It started with then Magic CEO Bob Vander Weide essentially drunk-dialing Dwight Howard and asking him to stay in Orlando. It didn’t seem like things could get more odd, but that was just the start, something that culminated in the day coach Stan Van Gundy told the media Howard wanted him fired just as Howard unknowingly walked into the press conference. The season ended with Howard injured and the Magic easily ousted by the Pacers.

Orlando guard J.J. Redick was on NBC’s SportsTalk and opened up about the year to host Russ Thaler. Great interview. Below are transcripts of the highlights.

About Howard:

“Within the team I think our perception has changed a little bit. I don’t see any way it couldn’t. But I am a Dwight supporter, I played with him for six years, I’ve been through some battles with him, won a lot of games tagging along side of him. He has been great for our organization.”

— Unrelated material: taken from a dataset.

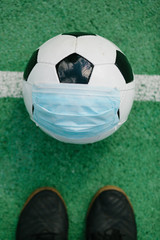 Soccer football with face mask for sports during covid-19 pandemic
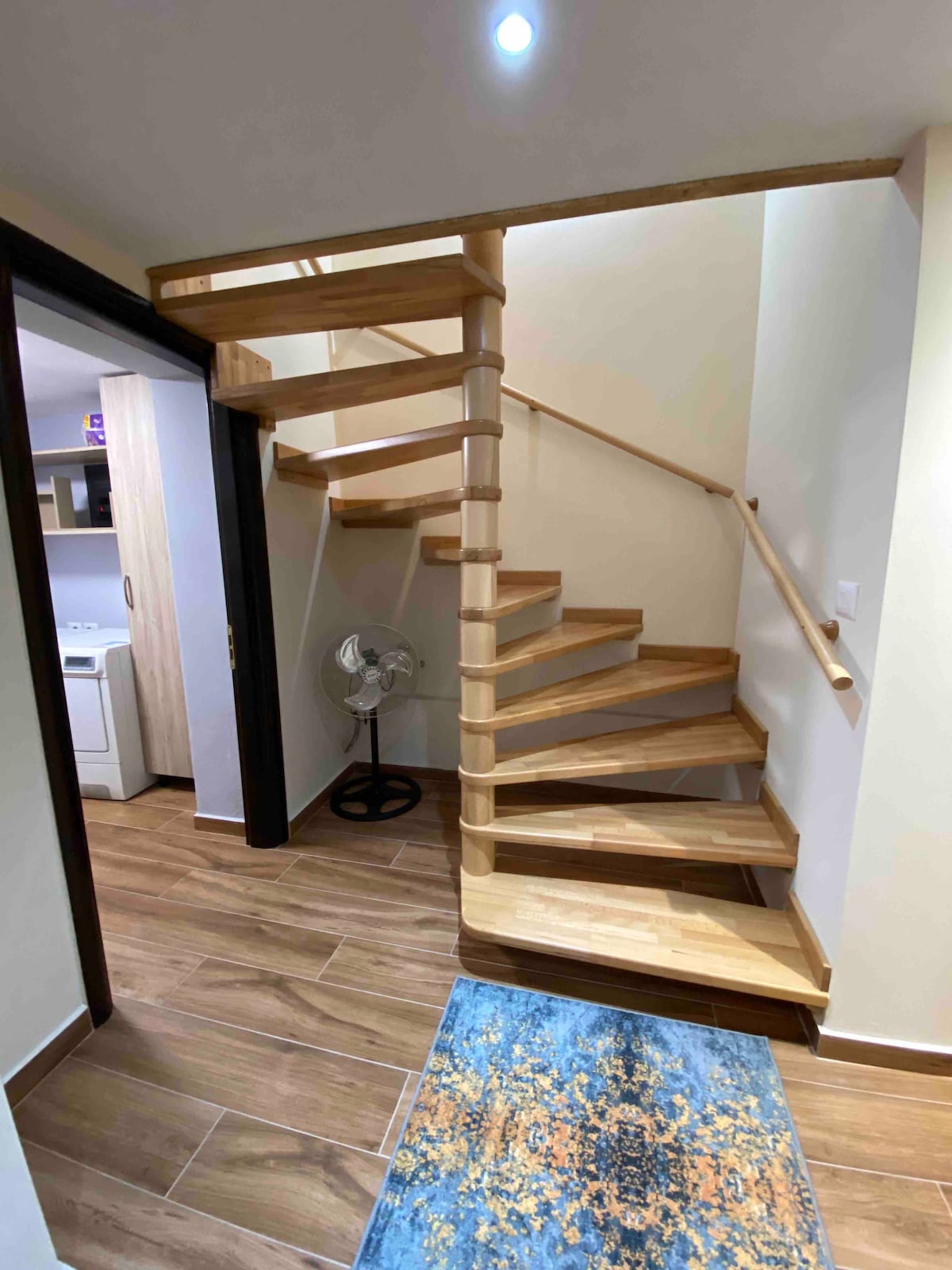 A spiral wooden staircase winds elegantly to the upper level, complemented by a small fan at its base. A textured blue rug adds a touch of color to the entryway, which is illuminated by a ceiling light. The surrounding walls are painted in soft neutral tones.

“I think as anyone can attest, sometimes we get confused in life. Sometimes we get bad advice. I think Dwight at his core, at his heart is a great kid, a great person. Maybe he just got a little confused, a little sidetracked about what was important and then at the end of the year he gets hurt and can’t play. It wasn’t a great year for him. I’m sure he’ll bounce back, get healthy and have a great year next year.”

On Howard’s relationship with Stan Van Gundy:

“To be honest with you, it didn’t seem worse or better than any other year. Those two have built a relationship based on winning and before things really started to turn for us we were 32-18 and had the fifth best record in the league. So for 50 of the 66 games this year that relationship was pretty solid.

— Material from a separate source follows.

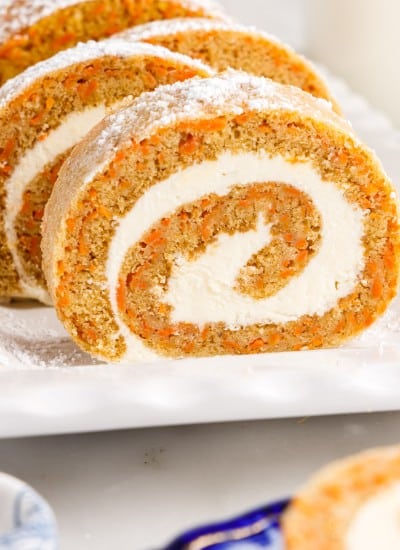 Carrot Cake Roll sliced into slices on a white platter.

“I’m not sure what happened and what transpired with management, with Dwight’s alleged request for Stan to get fired, I’m not privy to all the inside information. Certainly at some point that relationship started to change a little bit in March, and from that point on things got weird.”

About the press conference where Van Gundy said Howard wanted him fired, then Howard unknowingly walked in on it.

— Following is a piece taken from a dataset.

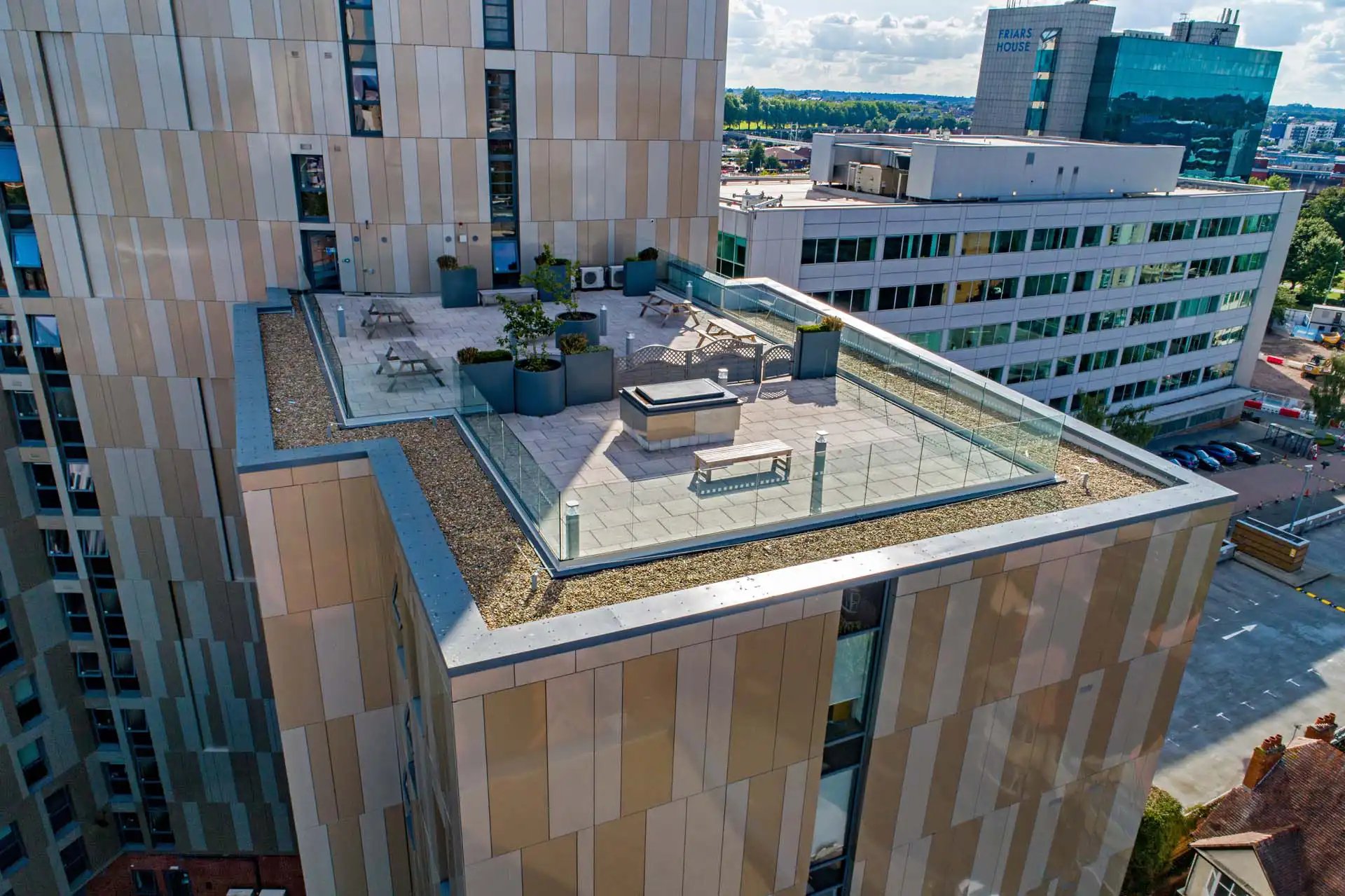 Rooftop seating with tables and planters exterior at Trinity View Coventry in Coventry Student Accommodation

“We were all a little shocked. I cold plunge right after shootaround (take an ice bath). I had got my shots up after shootaround and had sort of seen Stan talking to the media and everything seemed normal from afar. Well I went back, grabbed my phone and jumped in the cold plunge and I have like 15 text messages and my twitter account is blowing up with “What did Stan just do?” So I pulled up the video and saw it. By the time I got out of the cold plunge and back in the locker room all the guys on the team knew what was going on.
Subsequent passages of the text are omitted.